Cover Letters Are For…

Cover Letters Are For…

Cover letters – the talk of the town. We often hear many questions about the relevancy of cover letters. Do we need cover letters to apply for jobs? Do recruiters and hiring managers read cover letters? What purpose does the cover letter serve?

Let me tell you a story… At the turn of the century, I set my sights on pursuing a new career in human resources. I actually transitioned from a career in the health insurance industry, and you will never guess how I did it. I used a cover letter. That’s it! Okay, yes I also used a well-crafted resume but you get the point, right? Now, it was not just an ordinary cover letter and I did not regurgitate the contents already included in my résumé. I customized the cover letter by adding information I needed the Director of Human Resources to know about me but was not appropriate to include in the résumé.

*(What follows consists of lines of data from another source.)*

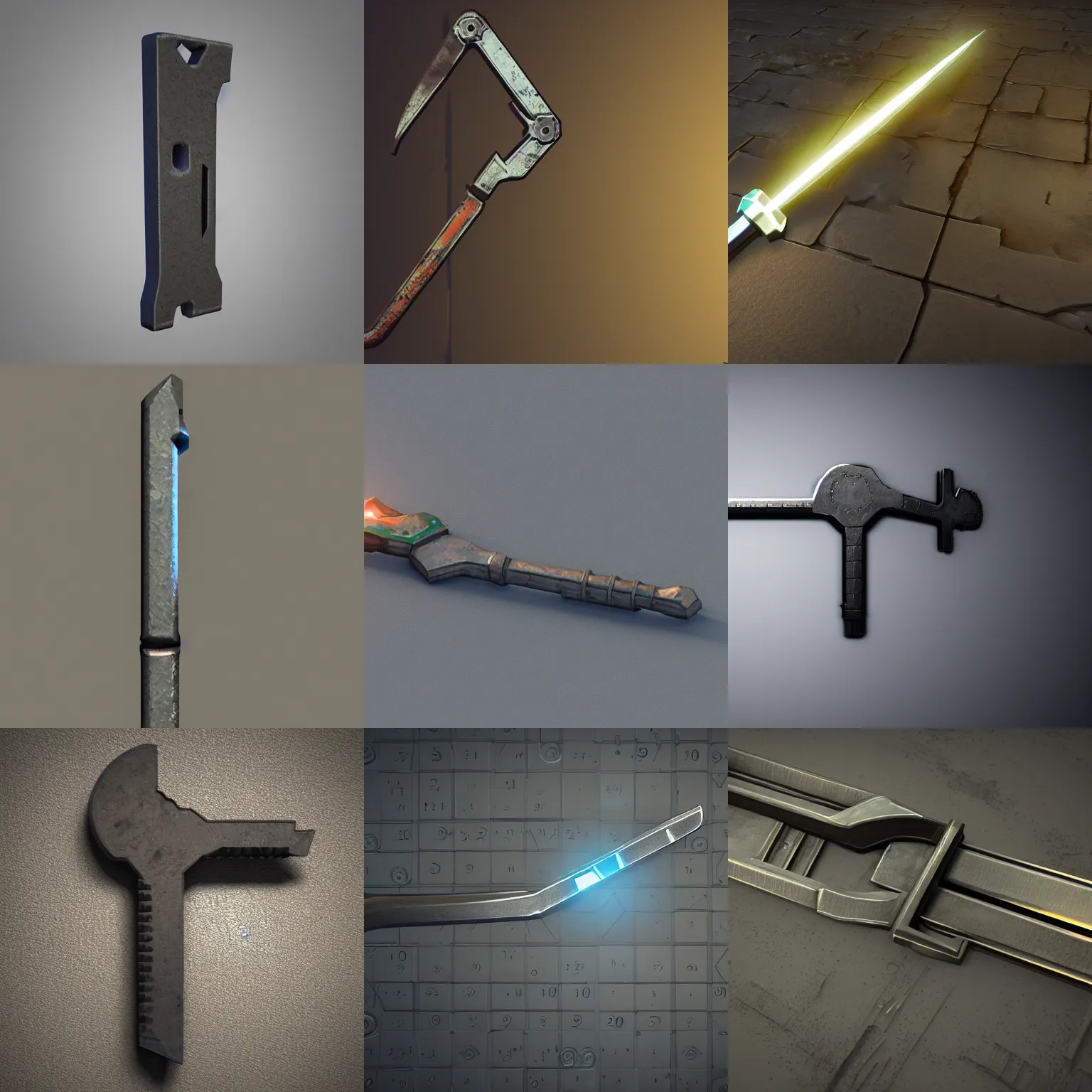 Prompt: a wrench, game inventory item, outer glow, solid background, vray 4k, trending on artstation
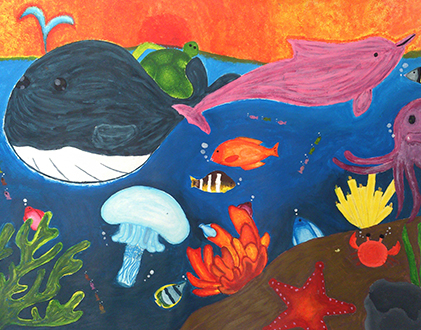 第五届粤港澳海洋生物绘画比赛获奖作品在珠海巡展义卖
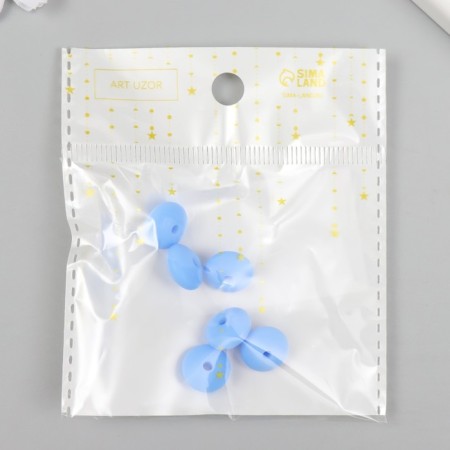 Busina silicone "flattened" porcelain-blue d = 1.2 cm-2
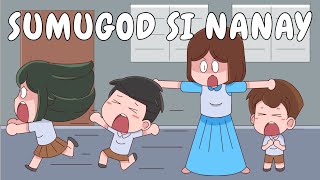 SUMUGOD SI NANAY SA SCHOOL  Pinoy Animation [upl. by Ihana]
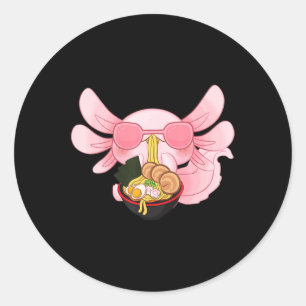Axolotl Ramen Kawaii Japanese Anime Noodle Gift Wo Classic Round Sticker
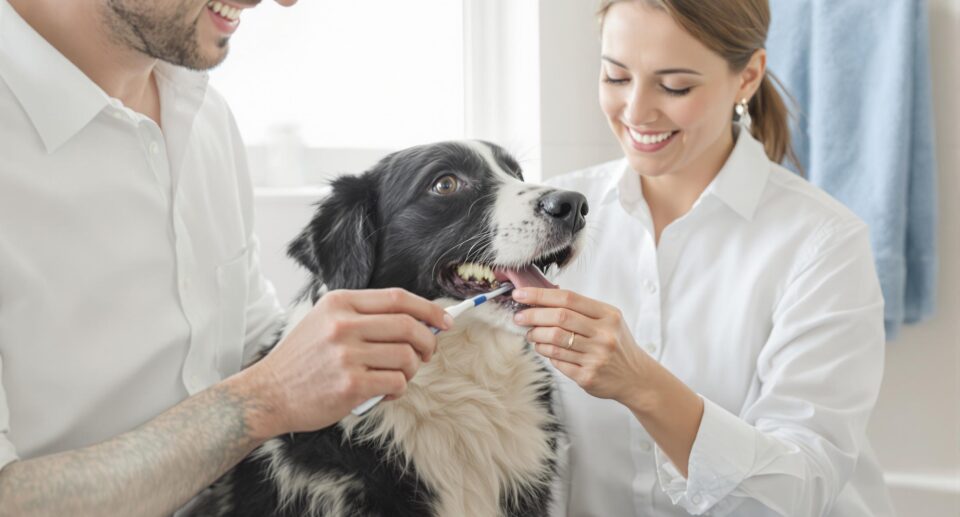 Pet owner brushing the teeth of a black and white dog to prevent periodontal disease in a clean bathroom setting.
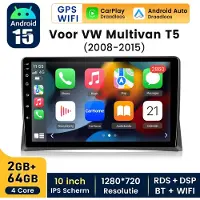 Hexinex Hexinexmarket Autoradio Geschikt Voor VW Multivan T5 (2008- 2015) - Draadloos CarPlay, Android Auto, GPS Navi, multimediaspeler - 2GB+64GB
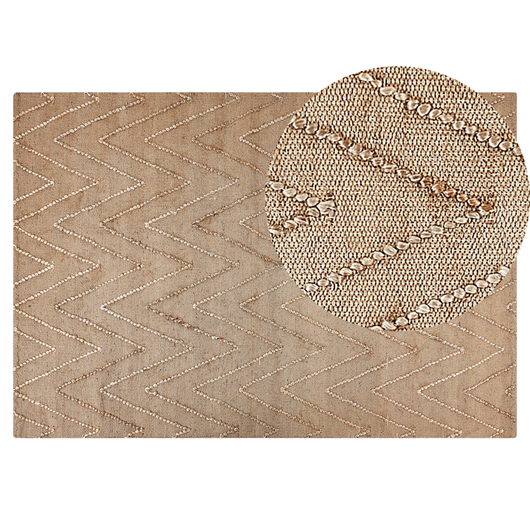 Tappeto in iuta beige con motivo a zigzag beige 140 x 200 cm fatto a mano soggiorno camera da letto stile boho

My customized cover letter focused on the following key points, very enthusiastically:

  • Interest in pursuing a new career in human resources

  • Transferrable skills and relevant experience

  • How my skills, qualifications, and passion for the profession are assets that will complement the organization’s goals and mission.

At the end of the day, I received an interview. So cover letters are for (drum roll please)…improving your chance of receiving an interview! That’s it! Of course there are several other very useful reasons for cover letters, all with the shared goal of winning an interview.For instance, cover letters are always useful for providing additional explanations regarding:

  •  You – as a candidate and future employee

  •  Transitioning into a new career

  •  Seeking part-time employment in lieu of full-time employment

  •  Re-entering the workforce

  •  Pursuing a job for which you may be considered “over-qualified”

  •  Sending an unsolicited résumé

  •  What else…What else can you offer the potential employer? What else can you tell them about you? What else can XYZ Corporation expect you to bring to the table?

In the end, ask yourself two questions: “Do I want to increase my chance of getting an interview?” Or, “Do I want to increase my chance of not getting an interview?” Take your chances in crafting a customized cover letter. Actually getting an interview is the worst thing that could happen to you.